Wednesday, January 2, 2013

Rain-unmaker

It rained hard, very hard, on Friday in the middle of December. It was one of those rare times in Jakarta when the rain flew horizontally instead of vertically.  The lightning and thunder were so bright and loud they set all the car alarms off in unison.

It also rained hard on Sunday, but not as hard as Friday.  Sunday was a gloomy grey sky spilling its unstable bowel in distracted drizzles. It lasted all day like a marathon pisser, muddying the streets therefore slowing the cars therefore jamming the city.

But the point is that in between Friday and Sunday, which is Saturday, my wedding day, the sun shined very very bright.  This, too, lasted all day without so much as a drop of rain or a hint of cloud.

After attempting to avoid the boring trap of just gushingly "absorbing the meaning of it" (i.e. it's a good omen, etc.) and then pondering the numerous reasonable, scientific, or supernatural possibilities of how this could be, we came up with the most economic explanation.

You see, there was another wedding in the same building happening that night, except theirs was outdoors, in the pool area.  From the looks of it, it was the kind of wedding featuring white pigeons and red roses and a white pouffy ballgown wedding dress and a groom's outfit so dapper and elaborate it was bordering on fabulously gay. I wouldn't put it beyond them to make every effort possible to ensure their pretty ensemble is not rained down on.

By social standards the most reasonable way to do this is to hire a pawang hujan, which I have been utterly incapable of finding a translation for other than maybe rain-doctor or rain-unmaker (a pun on the term "rainmaker" obviously, but having said that I've decided against using the pun because it refers to something unrelated to rain, whereas what we are discussing here is entirely on the subject of rain).

So, rain-doctor.

I recently found out there are two types of rain-doctor package deals available on the market.  First, you pay premium (something like twice the normal price) but get your money back if it does rain.  Second, you pay a cheaper price but don't get your money back if it rains. Given that the cheaper package would likely be an incentive for fake rain-doctors to proliferate (hypothetically assuming that there are "real" ones), if I were a customer I would pay premium.

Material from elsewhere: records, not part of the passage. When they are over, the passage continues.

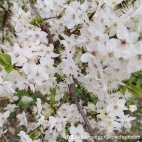 watermark-2f383550e72389f159a2dfa846a0773c_0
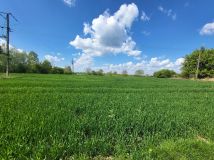 Działka rolna Nowy Stręczyn. Zdjęcie 4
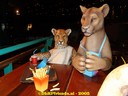 DSC03308.jpg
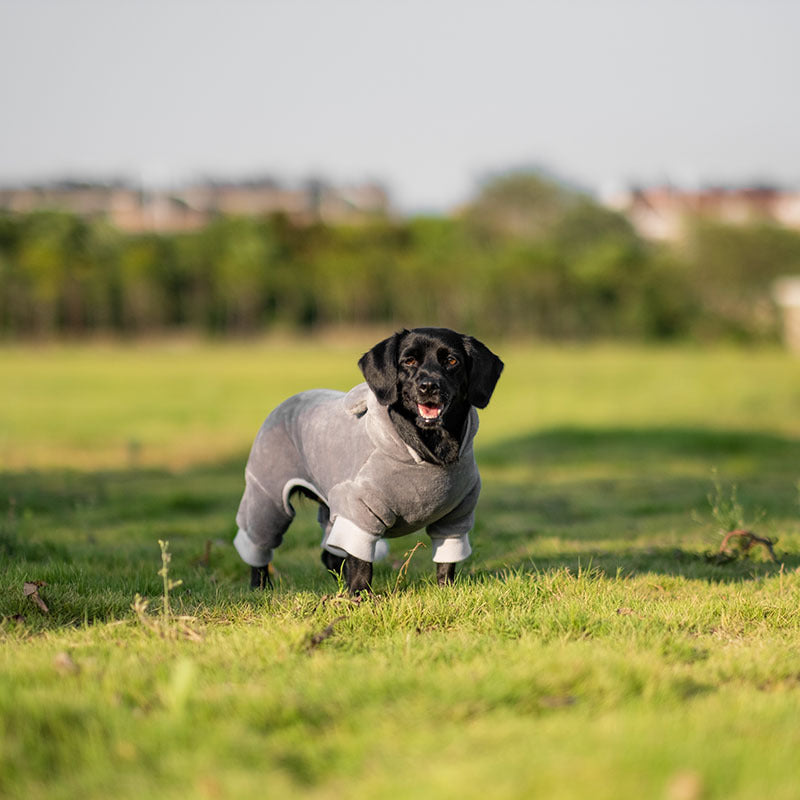 Boxer à capuche chaud pour chiens de petite et moyenne taille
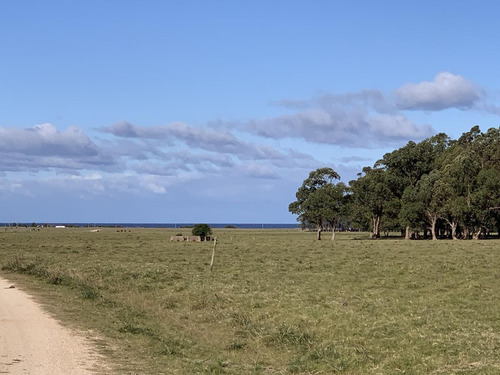 Terreno - José Ignacio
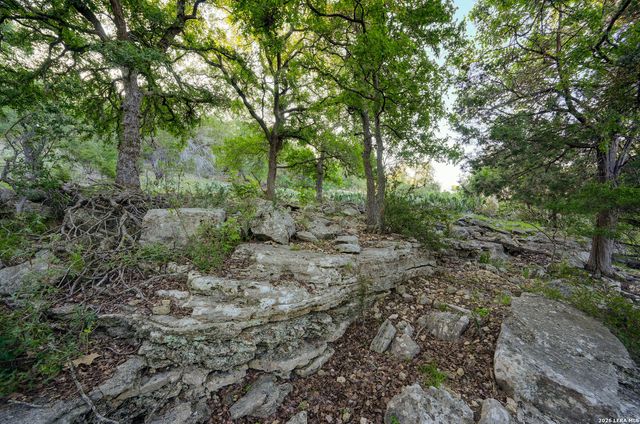 315 RITTIMANN RD, Spring Branch, TX 78070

I imagine the rain-doctor then checks the weather forecast first. Because obviously, if it is not going to rain, then he can just spend the day sleeping.  If the forecast is rainy, he then proceeds to prevent it from raining.

This is amazing stuff. In all the text books, summoning weather (or dismissing it) is a godly power. And yet here they are, rain gods for hire. With two packages available, and maybe even a discount in the dry season. But wait, it is a little less exciting actually.  Rain-doctors, not being gods, do not make the rain cancel its plans: they simply move it to another place or delay it. Ah. Mortals.

No one knows exactly how it is done, and perhaps if you are a customer you may not want to know what you paid them to do as long as it is done. Other high-end venues have cloud-dispersion lasers (I imagine they can also double as disco lights), akin to high-powered water-jets used to disperse labor demonstrations, or other similar party-pooper technology.  But rain-doctors don't use technology.  They push sticks in the ground and mutter chants and that's basically it.

Whatever the method, one thing for sure is that it is not cheap, hiring rain-doctor services.  Unless you're free-riding on someone else's party rain-doctor.